I'd personally say that one of the key things that people have to realize when going into the question "what can I accomplish with these tools" is that you have to understand how the database technology works to get reasonable performance out of it.

So, if you are using PostgreSQL, you really need to know a little about journalling, B+-trees, multi-version concurrency (and the associated vacuum), their "heap-only tuples" update strategy, and settings like synchronous_commit.

Likewise, if you are using Cassandra, you really need to know a little about LSM-trees, inverted indices, eventual consistency, the purpose behind column-family storage, and how their read-to-write ratio affects all of consistency, durability, and performance.

Outside of the specific database technology, if you want your data to actually be there when the shit hits the fan, you absolutely have to understand write-back vs. write-through cache behavior and how and where to apply cache barriers (and what tools work correctly for them).

Finally, your specific hardware is going to drastically affect how much performance you get for your specific application, as random/sequential read/write I/O performance is going to drastically differ between technologies and how that matches up with the read/write ratio and locality of your application.

If you don't spend the time to learn these things, you are seriously just going to get burned.

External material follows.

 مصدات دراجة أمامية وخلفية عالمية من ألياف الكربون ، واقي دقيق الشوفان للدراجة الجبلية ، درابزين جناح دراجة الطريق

We (as a civilization) simply do not have the science and theory yet to make the practicalities of setting up and maintaining a database server a totally seamless and simple process with well-understood performance characteristics unless you constrain absolutely every single variable.

Unfortunately, learning a lot about how these algorithms work is really hard. I mean, PostgreSQL HOT is almost undocumented at the user-level: you have to drop to README.HOT from the source distribution to see what the performance characteristics are.

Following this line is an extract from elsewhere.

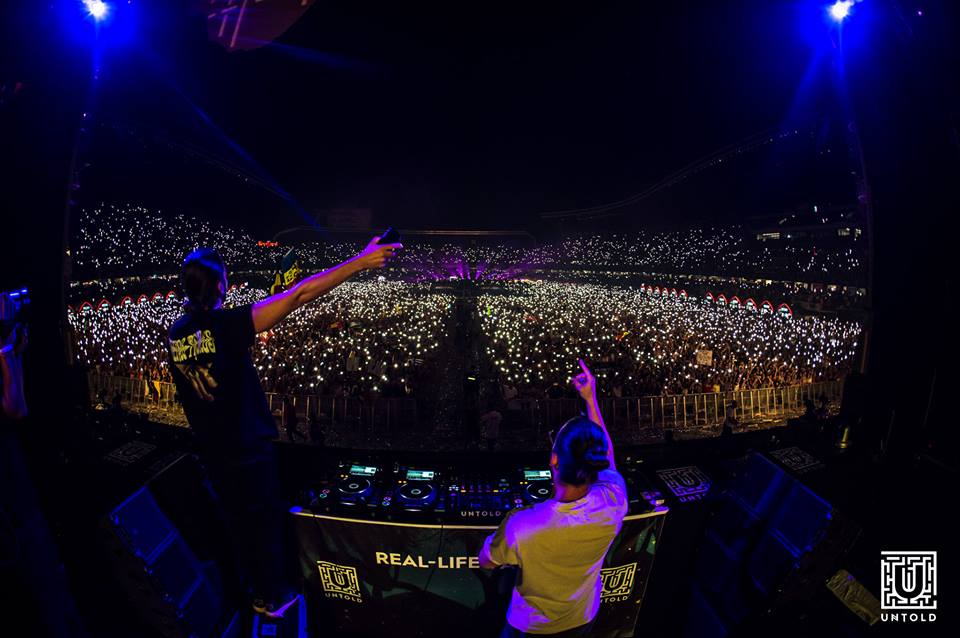 A doua zi la Untold 2017. Peste 82.000 de oameni s-au distrat până în zorii zilei la festivalul din Cluj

Meanwhile, there is a ton of misinformation out there. :( I haven't watched much of this video at all, but within 10 seconds of skipping around in it I saw that this person claims that relational databases force re-writes during schema updates, which is not true for the majority of updates that developers actually try to make.

Finally, half of this stuff is really only understood well at the academic level: to really get an understanding of why your particular load causes PostgreSQL to slow down you might end up reading academic papers from the 80s and 90s on the core algorithms we use to do data storage and indexing.

In the end, though, I'll say that most of my database needs are being served right now by a single server for an application that is getting a million users every day (with ten to fifteen million or so users total) with a ton of room to grow.

That said, two core things that I value in my logging are currently being stored to S3 directly (of all places, which is a ludicrous thing to use a database really), and while I am pretty certain they will work great on the new database server, I'm not entirely positive.

(For the record, my architecture is a m4.4xlarge running PostgreSQL with three EBS disks, one with ext2 for the WAL, two in md RAID0 with xfs for the data, where a couple heavily updates tables are set with a 50% fillfactor, and all non-durable writes are done without synchronous commit. I have a two-level external pool, with pgbouncer running on both the application servers and on the database server.)

(edit: I said RAID1 when I wanted RAID0. RAID0 increase your random I/O performance on EBS, which is useful for most transactional database server loads; given snapshotting and the inherent durability of EBS, RAID1 is not necessary and will just saturate your network I/O)